Is it morally legitimate to want biological children? There is a general argument about the legitimacy of bringing new people into this world; but there is also a more specific question concerning whether there is a moral difference between the wish to have children and the wish to have biological children – it is on this latter, narrower, question that I focus here.

Let us first explain the question: in case you haven’t noticed, it is possible to become parents without becoming biological parents – for example through adoption or reproductive technologies (even though, importantly, the boom of reproductive technologies is at least in part due exactly to the wish to become biological parents and not just parents).

So the question is a genuine one because there is a difference between becoming parents and becoming biological parents. But is the difference morally relevant? How can we possibly question the most normal thing in the world, you may wonder? We can: first of all – as I have argued in the past – biological ties are problematic from an ethical and political point of view: they can be said to reinforce what I call patriarchal prejudices; for example the idea that there is a ‘special’ bond between mother and child – and its ‘innocent’ consequence of mothers staying at home longer than fathers (with its related income-loss, lower pension, career ‘break’ and all the rest of it).

Also, having biological children is not cost-free – just think of all the possible adoptees who are not adopted as a result of a couple opting for a biological parental project. Admittedly, reasons why people might decide against adoption are not necessarily exhausted by biological considerations, as one may for example have a preference for being with the child from day one, say. Still, the wish to become biological parents is not innocent in at least the sense that is bears morally relevant costs; indeed, costs for some of this world’s most vulnerable people.

There are, then, both reasons to be skeptical of the patriarchal legacy of biological ties and actual costs for vulnerable people attached to the wish for biological parenthood. It has even been suggested that the wish to have one’s own biological children can be compared to racism. The idea would be that just like racism is a preference or discrimination based on biological ties (but is that really the case?), the wish to have biological children is similarly a preference or discrimination based on biology.
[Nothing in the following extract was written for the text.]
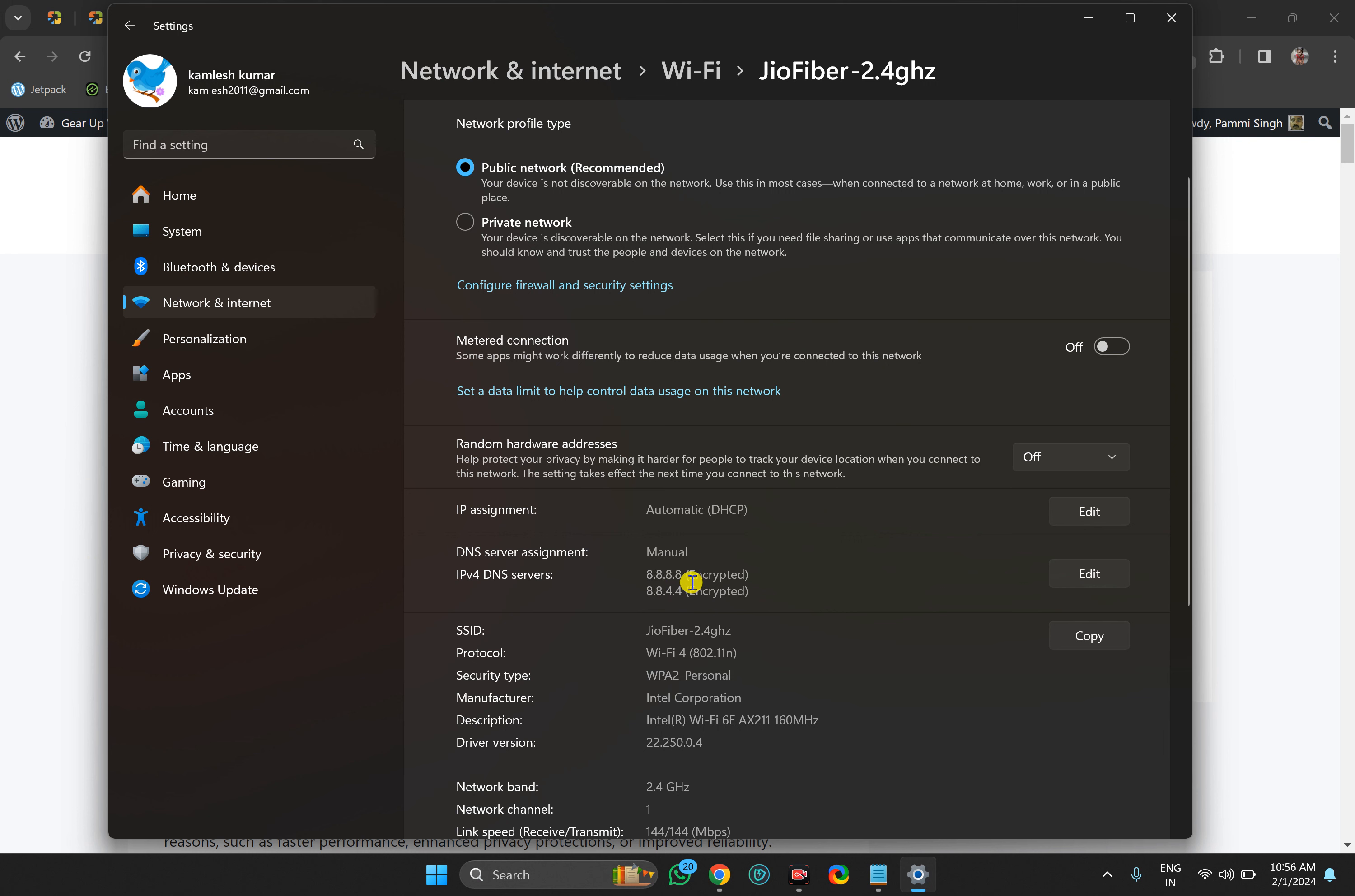Like this, you can edit, configure, or change DNS server on your Windows 11 machine. That's all for this video. If you're new to our channel Gear Up Windows, kindly subscribe, and if you love this video, press thumbs up. Bye bye!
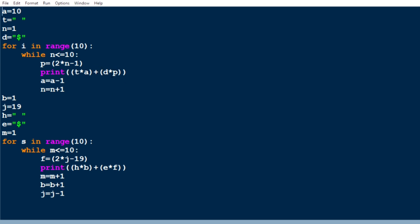Likewise we print ten lines — every time the space value 'a' is decremented: 10, 9, 8, and so on. The dollars are incremented based on the n value. n is incremented as n = n + 1 under each iteration. Likewise, ten lines of dollars with spaces are printed perfectly and the uppermost triangle is done.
The similarities are undeniable, as one could suggest that – in the latter case – potential adoptees would be discriminated on the grounds of not being biologically related to prospective parents.

So the case against biological parenthood is three-fold: (i) biological ties have a patriarchal legacy; (ii) some of the world’s most vulnerable are negatively affected; (iii) it has worrying similarities with racism (and we could add to this list general anti-natal considerations and also the fact that, in order to become biological parents, people sometimes bring into the world beings destined to great suffering).

Summing up, then, the wish for biological parenthood is anything but innocent: but is it wrong? Within a liberal framework it could be for example argued that individuals should be free to make reproductive choices, including the choice to become biological parents – which might even turn out to be a reproductive right. How could we possibly interfere with such a personal and intimate choice such as whether to reproduce? If we are allowed to interfere with that, is there anything left that we may not interfere with? Those are indeed plausible objections – even though they would need to be spelled out. Especially because I believe there is an important gap between the claim that biological parenthood is an innocent wish and the claim that it is an unalienable right: namely, we might well have the right to not just our wishes but also our vices, and biological parenthood might turn out to be one such vice (if I’m allowed such old-fashioned terminology). To put it plainly, we may not be able to deny people their wish for biological parenthood but that does not mean that such wish is not the legitimate object of moral scrutiny. More concretely, the argument against the innocence of biological parenthood ought to at least remind us of the importance of making alternative pathways to becoming a parent equally accessible.